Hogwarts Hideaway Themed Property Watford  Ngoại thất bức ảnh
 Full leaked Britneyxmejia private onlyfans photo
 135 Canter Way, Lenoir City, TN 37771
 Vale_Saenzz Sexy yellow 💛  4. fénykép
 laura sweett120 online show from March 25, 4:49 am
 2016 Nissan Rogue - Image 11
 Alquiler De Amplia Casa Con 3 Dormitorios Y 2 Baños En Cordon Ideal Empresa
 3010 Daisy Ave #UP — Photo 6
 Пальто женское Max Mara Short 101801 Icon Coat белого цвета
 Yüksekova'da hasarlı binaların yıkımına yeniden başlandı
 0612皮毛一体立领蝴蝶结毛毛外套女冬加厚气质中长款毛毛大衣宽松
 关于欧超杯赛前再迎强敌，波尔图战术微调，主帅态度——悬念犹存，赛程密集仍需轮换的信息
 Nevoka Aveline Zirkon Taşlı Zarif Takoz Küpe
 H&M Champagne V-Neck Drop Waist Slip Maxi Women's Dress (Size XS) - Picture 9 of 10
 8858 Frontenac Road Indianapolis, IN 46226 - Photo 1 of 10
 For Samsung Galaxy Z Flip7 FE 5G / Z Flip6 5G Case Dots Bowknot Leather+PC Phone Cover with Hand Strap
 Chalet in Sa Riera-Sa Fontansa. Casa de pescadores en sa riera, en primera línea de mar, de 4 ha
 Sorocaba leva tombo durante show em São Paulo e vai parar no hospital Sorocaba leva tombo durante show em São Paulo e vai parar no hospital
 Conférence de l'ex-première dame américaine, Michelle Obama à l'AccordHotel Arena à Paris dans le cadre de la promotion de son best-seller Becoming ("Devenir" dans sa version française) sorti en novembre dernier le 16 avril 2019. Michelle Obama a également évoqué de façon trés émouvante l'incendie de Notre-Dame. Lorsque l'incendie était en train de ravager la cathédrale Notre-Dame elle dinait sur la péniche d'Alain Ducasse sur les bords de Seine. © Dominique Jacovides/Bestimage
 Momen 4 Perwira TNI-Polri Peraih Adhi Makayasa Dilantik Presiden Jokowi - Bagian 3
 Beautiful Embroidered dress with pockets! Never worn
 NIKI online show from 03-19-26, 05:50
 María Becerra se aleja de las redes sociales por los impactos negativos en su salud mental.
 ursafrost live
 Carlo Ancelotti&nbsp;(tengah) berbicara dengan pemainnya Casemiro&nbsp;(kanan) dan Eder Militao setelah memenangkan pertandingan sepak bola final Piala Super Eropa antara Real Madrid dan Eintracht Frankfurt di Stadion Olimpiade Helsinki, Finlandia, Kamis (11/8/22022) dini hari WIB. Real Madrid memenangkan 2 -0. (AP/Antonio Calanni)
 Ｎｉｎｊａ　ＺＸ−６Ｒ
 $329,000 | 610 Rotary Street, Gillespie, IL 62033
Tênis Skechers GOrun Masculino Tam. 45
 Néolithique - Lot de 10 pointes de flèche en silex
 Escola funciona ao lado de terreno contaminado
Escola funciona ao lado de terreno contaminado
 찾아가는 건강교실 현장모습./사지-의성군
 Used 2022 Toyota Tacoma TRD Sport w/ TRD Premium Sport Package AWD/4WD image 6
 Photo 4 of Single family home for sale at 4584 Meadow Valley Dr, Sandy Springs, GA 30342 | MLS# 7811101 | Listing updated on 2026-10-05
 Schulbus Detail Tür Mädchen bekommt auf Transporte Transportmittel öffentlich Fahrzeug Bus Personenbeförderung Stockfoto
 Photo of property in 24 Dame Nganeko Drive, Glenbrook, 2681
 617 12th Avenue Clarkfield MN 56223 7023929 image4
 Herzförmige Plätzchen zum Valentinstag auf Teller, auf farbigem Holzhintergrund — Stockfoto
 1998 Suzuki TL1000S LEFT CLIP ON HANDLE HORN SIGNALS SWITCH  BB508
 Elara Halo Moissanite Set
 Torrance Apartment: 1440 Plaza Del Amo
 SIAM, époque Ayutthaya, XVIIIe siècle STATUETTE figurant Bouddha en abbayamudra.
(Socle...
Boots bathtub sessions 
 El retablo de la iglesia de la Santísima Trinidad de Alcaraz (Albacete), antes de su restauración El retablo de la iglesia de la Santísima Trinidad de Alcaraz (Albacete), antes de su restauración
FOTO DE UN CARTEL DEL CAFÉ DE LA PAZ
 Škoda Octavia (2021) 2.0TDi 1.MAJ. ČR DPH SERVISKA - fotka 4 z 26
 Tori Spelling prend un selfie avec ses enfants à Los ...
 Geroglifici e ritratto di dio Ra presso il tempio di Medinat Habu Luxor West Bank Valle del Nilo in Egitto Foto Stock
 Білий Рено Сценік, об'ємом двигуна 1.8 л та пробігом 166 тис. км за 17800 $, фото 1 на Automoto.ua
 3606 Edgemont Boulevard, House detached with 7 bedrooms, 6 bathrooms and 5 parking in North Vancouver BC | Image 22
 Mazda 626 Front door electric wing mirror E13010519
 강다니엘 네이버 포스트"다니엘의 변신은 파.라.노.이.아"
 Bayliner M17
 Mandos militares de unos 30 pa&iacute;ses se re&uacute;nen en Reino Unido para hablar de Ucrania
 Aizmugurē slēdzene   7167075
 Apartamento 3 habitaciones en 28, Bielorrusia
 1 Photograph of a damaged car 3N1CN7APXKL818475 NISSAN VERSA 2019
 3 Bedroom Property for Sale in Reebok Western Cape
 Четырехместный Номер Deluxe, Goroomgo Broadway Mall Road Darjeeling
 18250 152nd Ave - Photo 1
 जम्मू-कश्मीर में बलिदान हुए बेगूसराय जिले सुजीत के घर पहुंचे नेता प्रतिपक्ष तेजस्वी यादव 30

Directions for this task: Your answer must consist of every line from the listing that holds the string "Escola".

Exercise solution:
 Escola funciona ao lado de terreno contaminado
Escola funciona ao lado de terreno contaminado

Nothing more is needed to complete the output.